Management Agent Lost alarms are generating on devices even though they are actually up.
Release: 10.3.x, 10.4.x
Component: SPCAEM
The problem is that the agent is either unable to process the request because the request id is too high or the SNMP agent on the device is overloaded and is dropping SNMP.
You can set the maximum request id used by Spectrum for sending SNMP requests. Edit the $SPECROOT/SS/.vnmrc file and add the following:
max_snmp_request_id=16000000
We have found this to be a reasonable value for most installations. You may need to change this. Please keep in mind that if your SpectroSERVER generates a lot of SNMP requests, that setting this value too low may cause SpectroSERVER performance problems.
To determine if this issue applies to you, run a sniffer trace and review the trace in wireshark. Take a look at the request id and see if the responses are not being responded to by the device. Here is a sample of what you might see:
Notice the agent does not respond to the SNMP requests with a high request-id but it does respond to the SNMP request with a low request-id:
Notice here, the device is actually sending traps, but is not responding to the SNMP requests with a high request-id:
This may also be due to SNMP agents SNMP queue set too low. Try increasing the agents SNMP queue. We have seen SNMP packets dropped when agents have a queue set to lower than 25.
show snmp
example output:
584 SNMP packets output
0 Too big errors (Maximum packet size 1480)
2 No such name errors
0 Bad values errors
0 General errors
258 Response PDUs
326 Trap PDUs
SNMP logging: enabled
Logging to <IP_Address>, 0/25, 309 sent, 17 dropped.

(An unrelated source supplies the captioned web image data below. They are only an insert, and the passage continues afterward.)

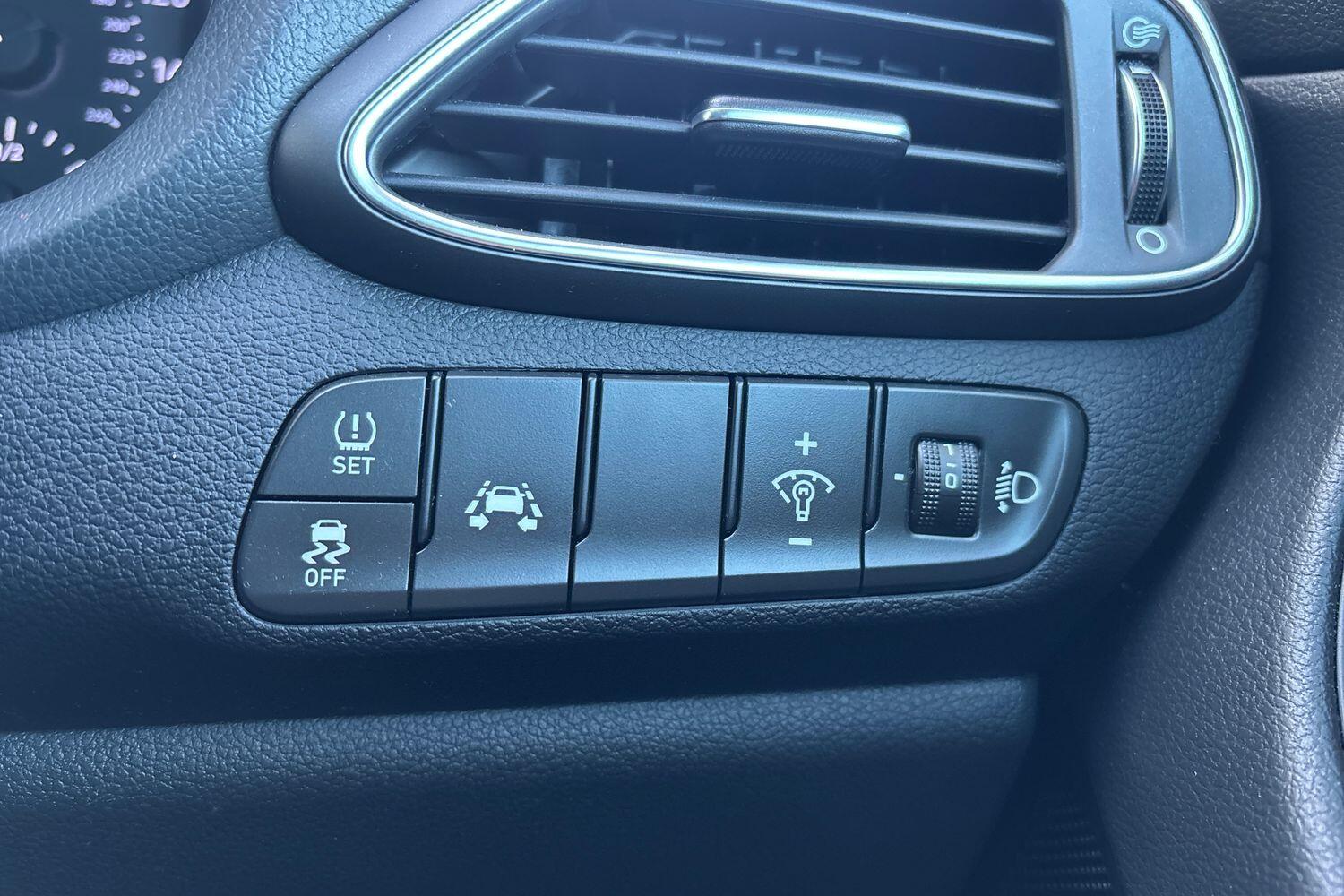 Used Hyundai i30 2019 for sale - 77577833: Photo 23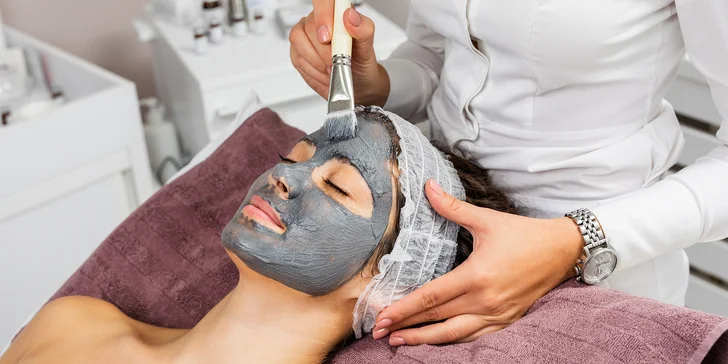 Kromě mezoterapie se můžete těšit i na úvodní rituál s mořskou mlhou a masáží ramen, masku a také relaxační masáž rukou.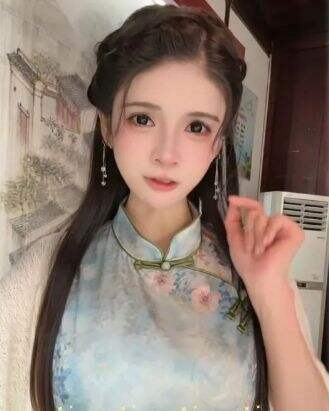狗头萝莉发布澄清视频，解释大家热议话题，称自己想努力做个好人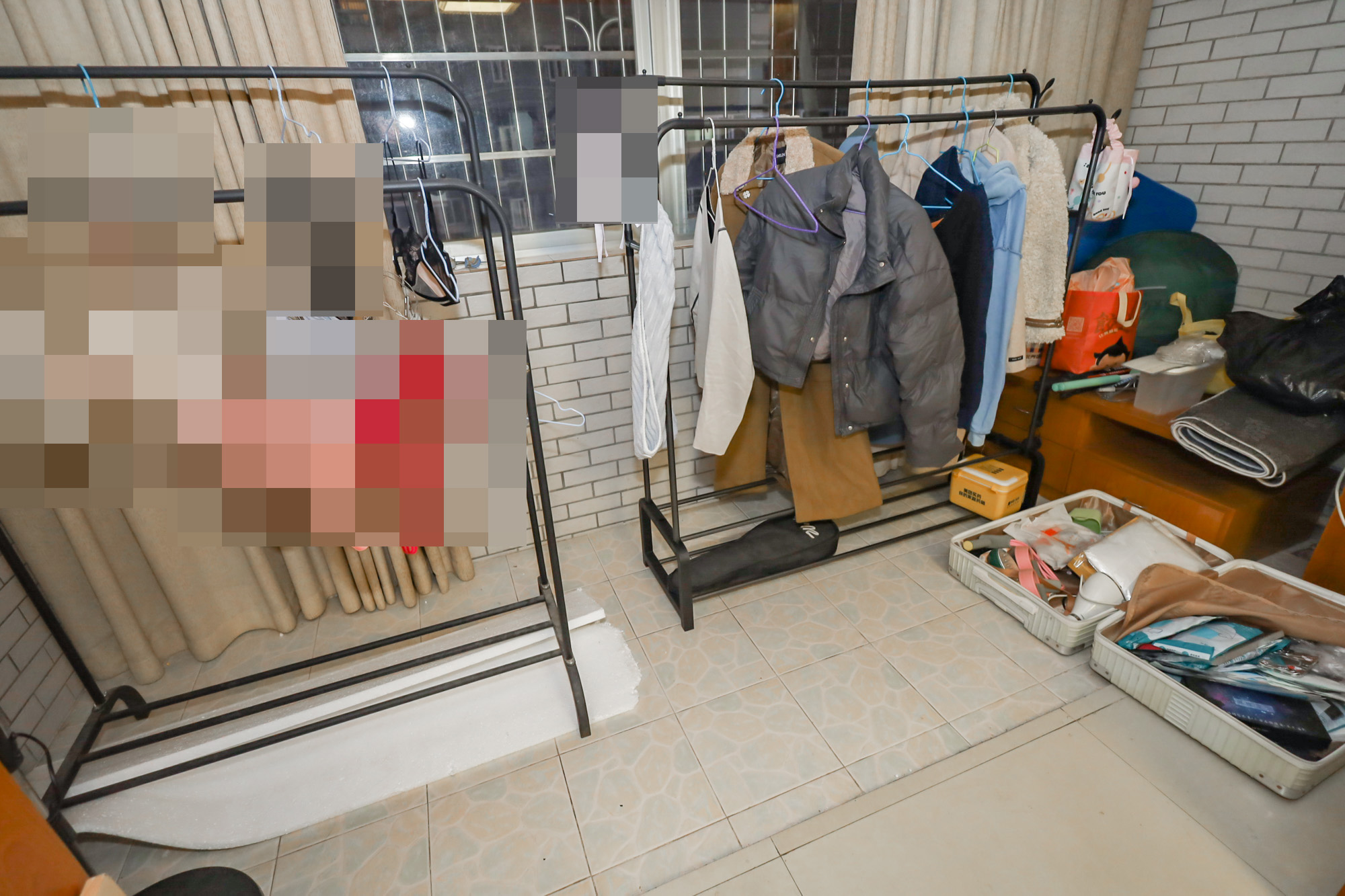 新雅园  4室2厅2卫   108.00万阳台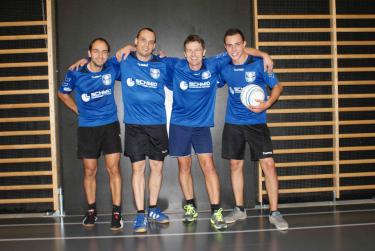 Strahlende Gesichter: Die Wittnauer Faustballer freuen sich über den Sieg. (Foto: zVg)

In this example, the 0/25 in the last line means that no SNMP traps are currently queued for transmission, and the queue can accept up to 25 messages at once. You can use the number of dropped SNMP traps to verify whether your queue is too small by seeing if this number grows rapidly over time. In this case, the Trap PDUs line tells you that the router has tried to send 326 traps. Of these, the last line tells you that it has successfully sent 309 and dropped 17. This is a five percent drop rate, which suggests that the queue depth should probably be increased.